Majestueux mais discret, First Cow est un film joueur jusque dans ses teintes et clairs-obscurs. L’arrivée d’un bovin dans l’Oregon du début du XIXe siècle tout juste défriché est le point de départ d’une réflexion sur le capitalisme naissant ; cette first cow in the territory (premier titre de la superbe BO du film de William Tyler), c’est l’acte de naissance du western. L’irruption de l’animal « domestiqué » dans un territoire « sauvage » offre une opportunité culinaire inédite aux deux héros, Cookie et King-Lu. Leur idée ? Piquer le lait de cette fameuse première vache pour fabriquer et vendre de délicieux cookies. Et Kelly Reichardt de sonder l’histoire de la conquête américaine à partir de ce petit bout de récit quasi anecdotique. À première vue.

La première piste
First Cow
peut se targuer d’une ampleur manifeste sans que l’éclat du spectaculaire n’altère les ombres des sous-bois de ses forêts ou de sa narration. Trois éléments révèlent la portée d’un film sans emphase : l’accroche, l’ouverture et la dédicace. D’abord, les mots de William Blake en amorce, « the bird a nest, the spider a web, man friendship », consacrent l’amitié de l’homme au même titre que le nid de l’oiseau ou la toile de l’araignée. Dans Old Joy, Reichardt racontait déjà le week-end de deux amis, qui ne peuvent que constater leur éloignement progressif. Le ton est plus joyeux ici. Les différences entre les deux compagnons plus ou moins aventuriers les rapprochent au point d’en faire un vrai duo de cinéma. Ces compères n’ont pas qu’une profonde affection en partage, tant leur cabane dans les bois est un lieu central du récit : home sweet home, cuisine, et repaire de cowboys dont le cheptel se réduit à l’unité. Avant de faire leur connaissance, le film s’ouvre sur un prologue contemporain. Une femme et son chien (qui pourraient être Wendy and Lucy au détour d’une promenade) déterrent accidentellement des squelettes en forêt. Cette excavation nous projette dans le passé et constitue le socle du travail mémoriel de Kelly Reichardt. En partant d’un micro-événement, elle raconte tout un pan du développement des échanges commerciaux du monde dont Cookie et King-Lu seraient les précurseurs involontaires. De là, une autre histoire de la « conquête » qui n’omet pas la présence indienne, et dilue le sentiment d’appartenance ou de propriété de tous les protagonistes, trappeurs ou colons.

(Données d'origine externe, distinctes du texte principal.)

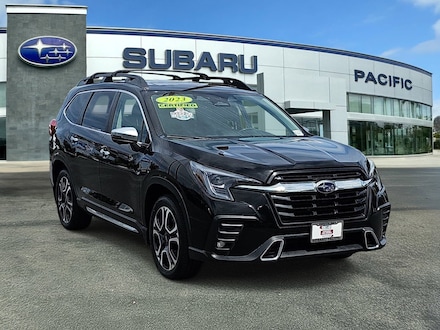2023 Subaru Ascent Touring SUV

C’était déjà la dynamique à l’œuvre dans La Dernière Piste qui relativisait le romantisme des expéditions de pionniers en rappelant le rôle central des femmes et la difficulté du périple. Dans la même lignée, First Cow n’est pas la success-story de deux entrepreneurs enhardis. Les échanges regorgent d’éclats de modernité et de malice. Tour à tour, King-Lu (« History isn’t here yet. It’s coming, but we got here early this time ») puis plus tard le propriétaire de la vache (« History moves so quickly in Paris ») s’interrogent sur le sens de l’Histoire, toujours de manière impromptue. Il n’y a nulle grandiloquence dans la narration, ni dans l’image d’ailleurs. Kelly Reichardt termine son film en le dédiant au cinéaste Peter Hutton. Le format 1.37, proche du 4/3, est un bel hommage aux films de paysage de son ami, récemment décédé. À l’intérieur de cet espace resserré, tout devient élémentaire. Le bord du cadre reste une frontière qu’aucune « Destinée manifeste » ne viendra abolir.